2020 brought South Korea’s worst unemployment crisis since 1997. Exacerbated by the COVID pandemic, South Korea has seen over a decade of steady decline in employment. Amongst the youth, the figure stands at 9.5 per cent. It’s little wonder that Korean youth have taken to calling their homeland “Hell Korea”.
Old age and retirement offer no hope for South Korean youth and workers. While the UK ‘only’ has 15% of people aged over 66 living in poverty, 43% of the older South Korean population face poverty. With an ageing population, and deaths outnumbering births, the elderly have become another downtrodden layer under capitalism.
Shackled by debt
For each of the Squid Game contestants, the large cash prize offers an escape from their debt bondage. In reality, South Korean household debt has sky-rocketed, with the average household debt-to-disposable-income ratio sitting at 191%. In total, household debt is an astronomical $1.54 trillion.
While the fictional contestants of Squid Game and workers in the real world suffer the consequences of their debt, the South Korean government can find no better solution than to add to their own national debt with stimulus packages. In 2019, the national debt stood at $726 billion, which is predicted to hit $1 trillion by next year.
Imperialism
Towards the end of the series, we are introduced (spoiler alert!) to the VIP guests who fund the Squid Game. While the contestants and game’s staff are Korean, these wealthy observers mostly have American accents.
As in The Host, the American VIPs in Squid Game are indifferent to the suffering of the Korean characters, prioritising material gain over any sense of morality.

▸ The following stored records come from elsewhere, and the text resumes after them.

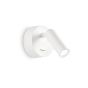 Απλίκα BEAN AP ROUND Ορείχαλκος Ideal Lux 260624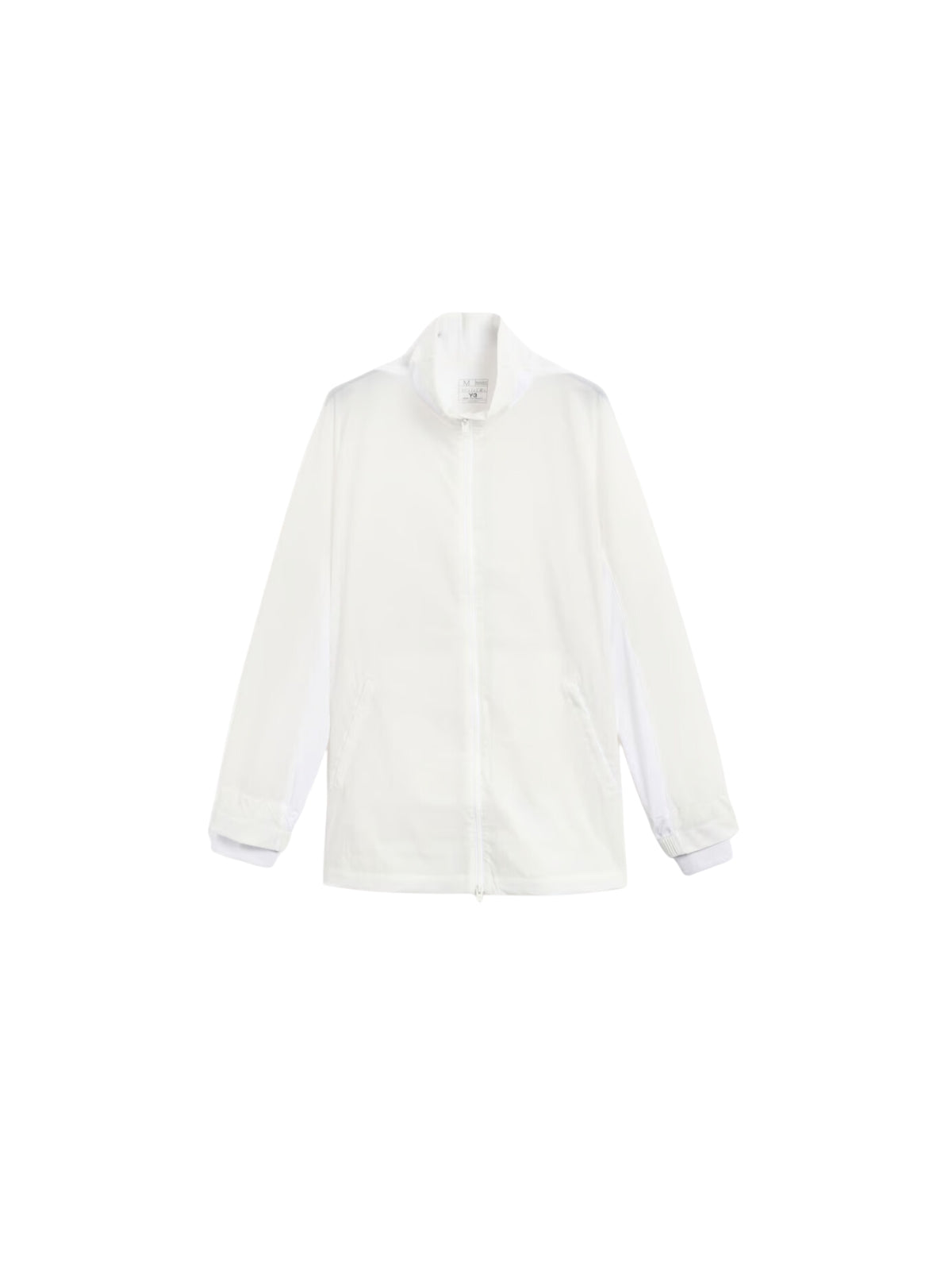 Y-3 Jacket Zip White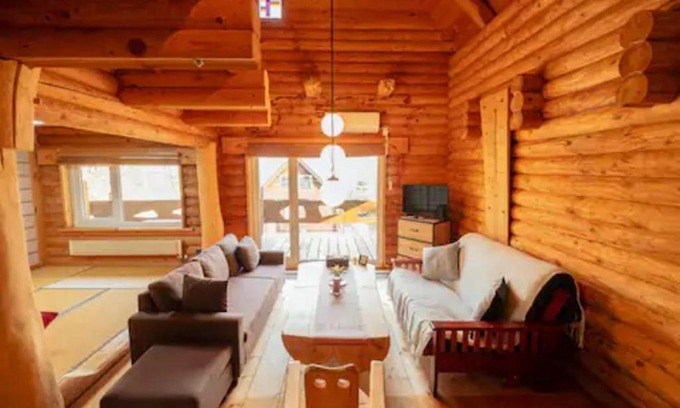 Toya House | Lake Toya Hillside House - Vacation STAY 70760v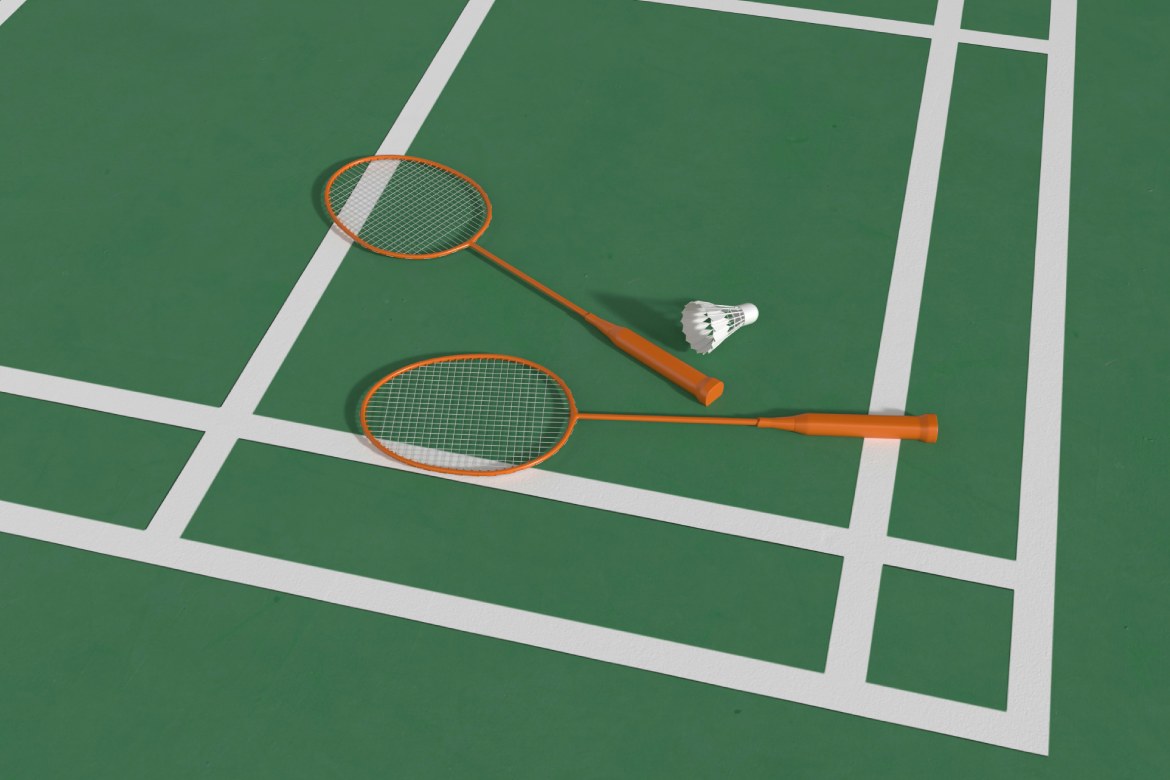 Karma Vythiri, Wayanad Badminton Court 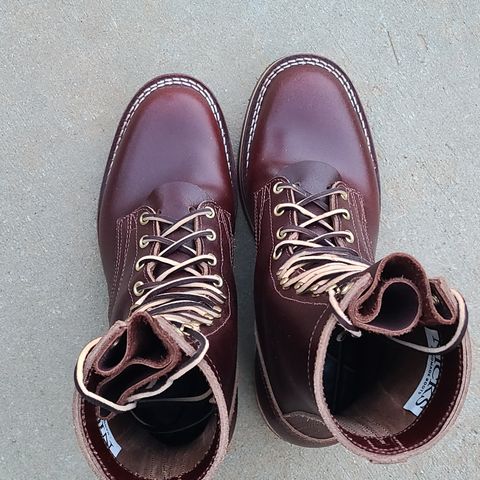Nicks MTO in Horween Tan Waxed Flesh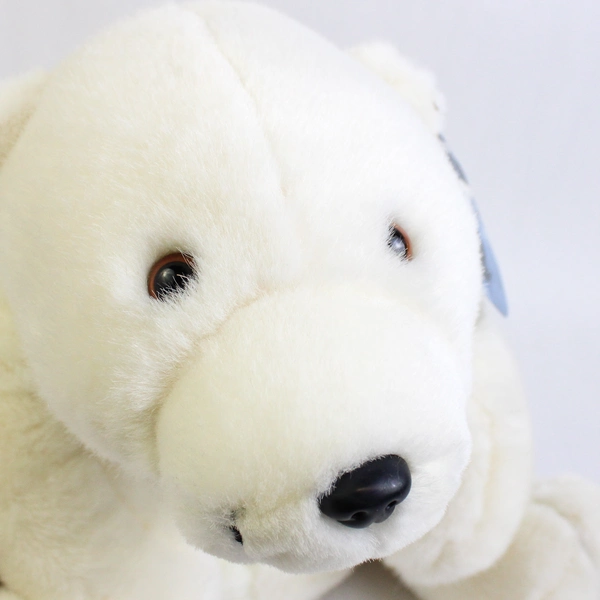 1993 Coca-Cola Polar Bear Plush Toy #370 With Tag 11"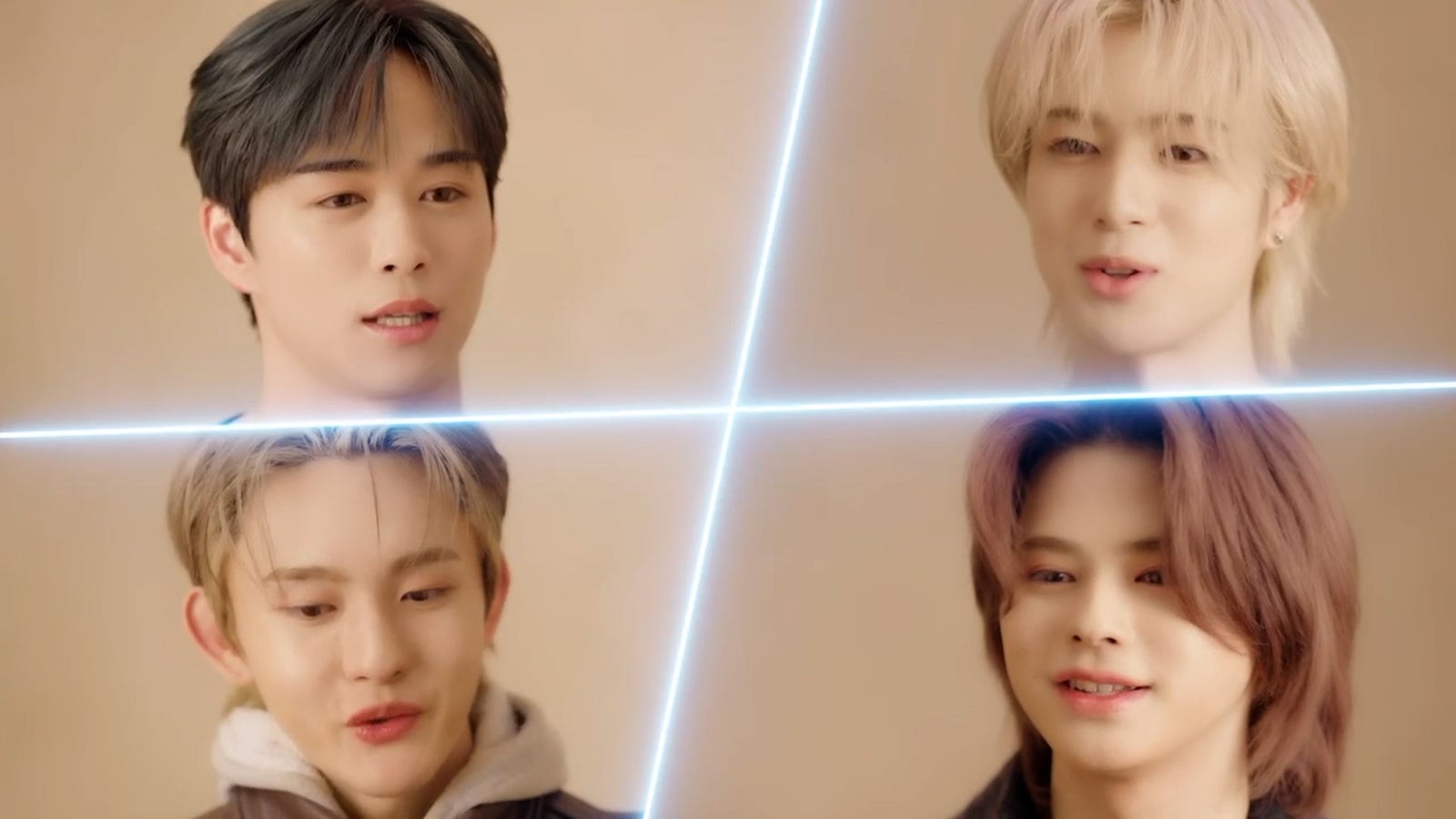 （上段左から）後藤威尊、佐野雄大（下段左から）田島将吾、松田迅（C）2025「INI THE MOVIE『I Need I』」製作委員会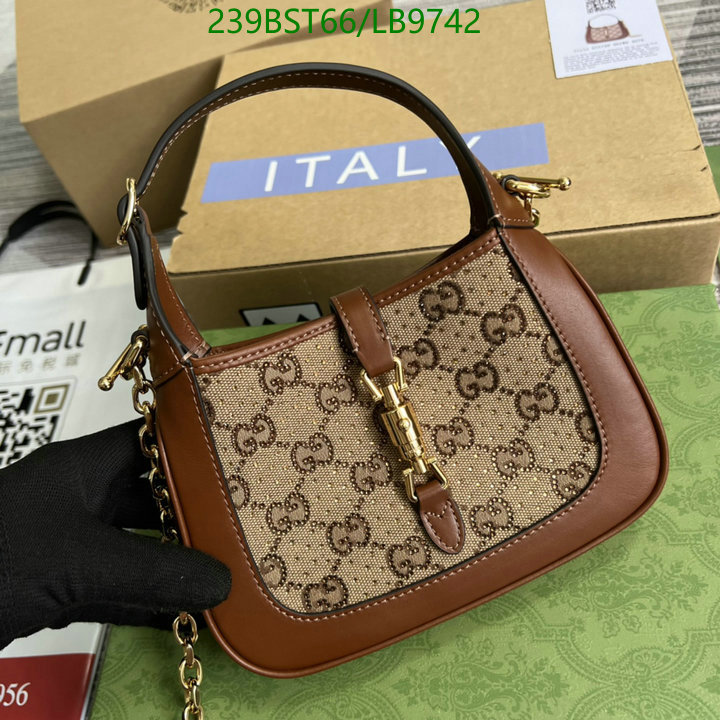 Gucci Bag-(Mirror)-Jackie Series-,Code: LB9742,$: 239USD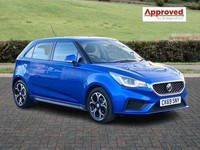 2019 MG MG3 1.5 VTi-TECH Excite 5dr Hatchback Petrol Manual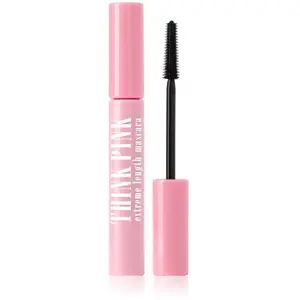 Dermacol, Mascara, Mascara longueur extrême Think Pink (Noir, 01 Black) pas cher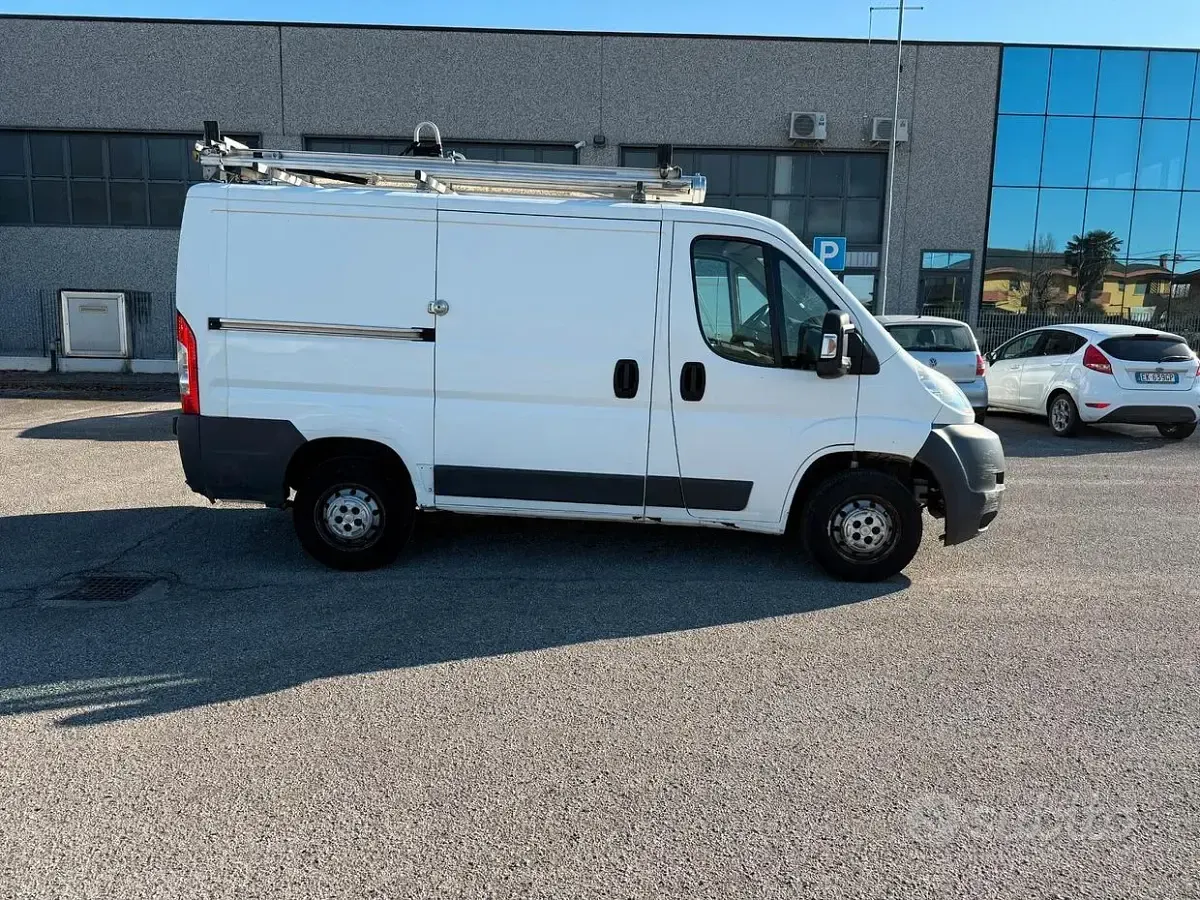 Usata Fiat Ducato 131 CV (96 kW) 2014 Bianco Furgone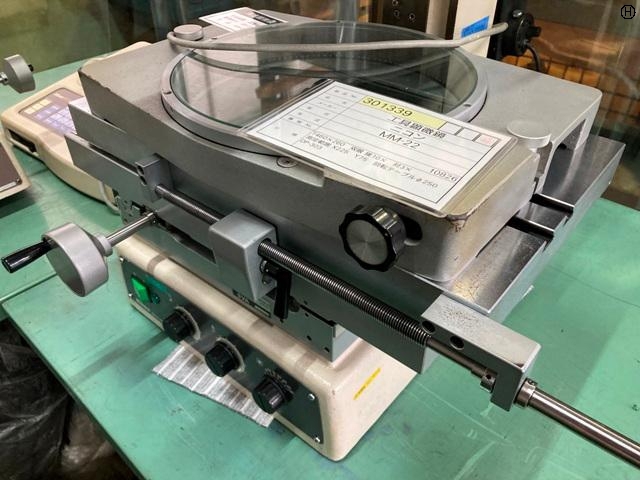 ニコン MM-22 顕微鏡 の画像 2枚目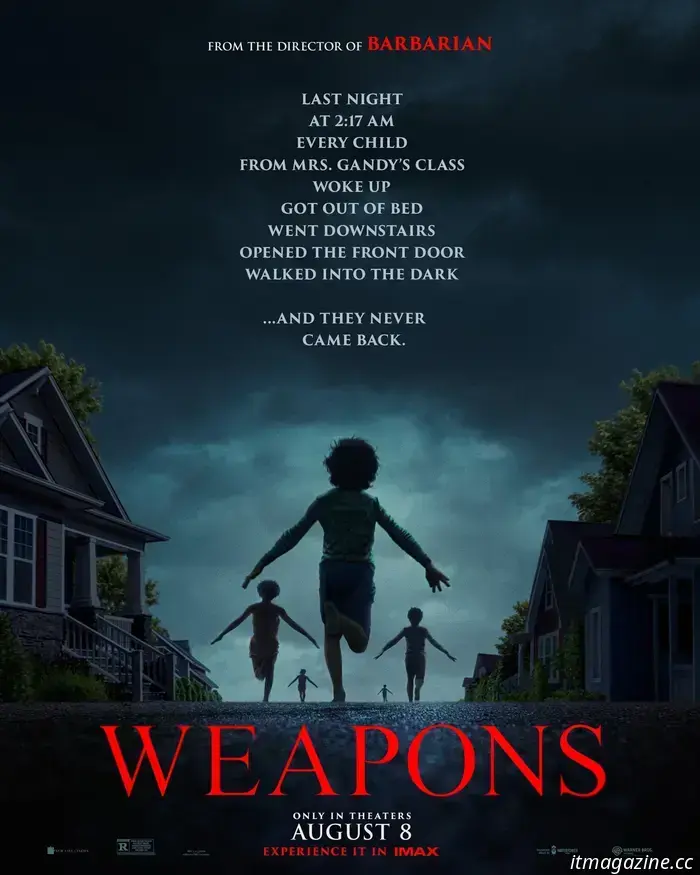 Good luck getting to sleep tonight after you see the Weapons trailer.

In the real world, the US continues to use the Korean working class as pawns in their imperialist games. At the time of writing this article, North Korea is attempting to broker peace with their southern neighbours. At the same time, South Korea flexes its US-supported military muscle with a new submarine-launched ballistic missile.
Power in numbers
While the Korean working class suffer under the dual oppression of the Korean capitalist class, composed of chaebols (Korean industrial conglomerates run by wealthy dynasties), and US imperialism, their history is one of militancy.
In 2015, South Korea saw a wave of three general strikes. Led by the Korean Confederation of Trade Unions (KCTU), tens of thousands of workers took to the streets to protest against right-wing President Park Geun-Hye and her anti-worker laws.
In response, the state launched mass repression, with police brutality and targeted arrests of trade union leaders. Although the laws were passed with minor adjustments, the Korean working class drew important lessons from the struggle.
This month, the KCTU is mobilising for a new general strike on October 20th to express their anger against the exploitative system. To promote the strike, The KCTU has created their own advertisement in the style of Squid Game called “General Strike Game.”
Revolution
It is clear that global class consciousness is growing, driven by worsening material conditions.
The suffering of Seong Gi-Hun and his fellow debt-ridden players in Squid Game is not restricted to the small screen, nor to South Korea itself. There is no solution under capitalism, any more than there is through blood-drenched games.
For the Korean working class, the task is that of revolution. A united working class movement united around concrete, socialist demands, with support from the KCTU and other workers’ organisations, could kick out the bosses and the imperialists, and bring the chaebols and the rest of the bosses’ system under worker control.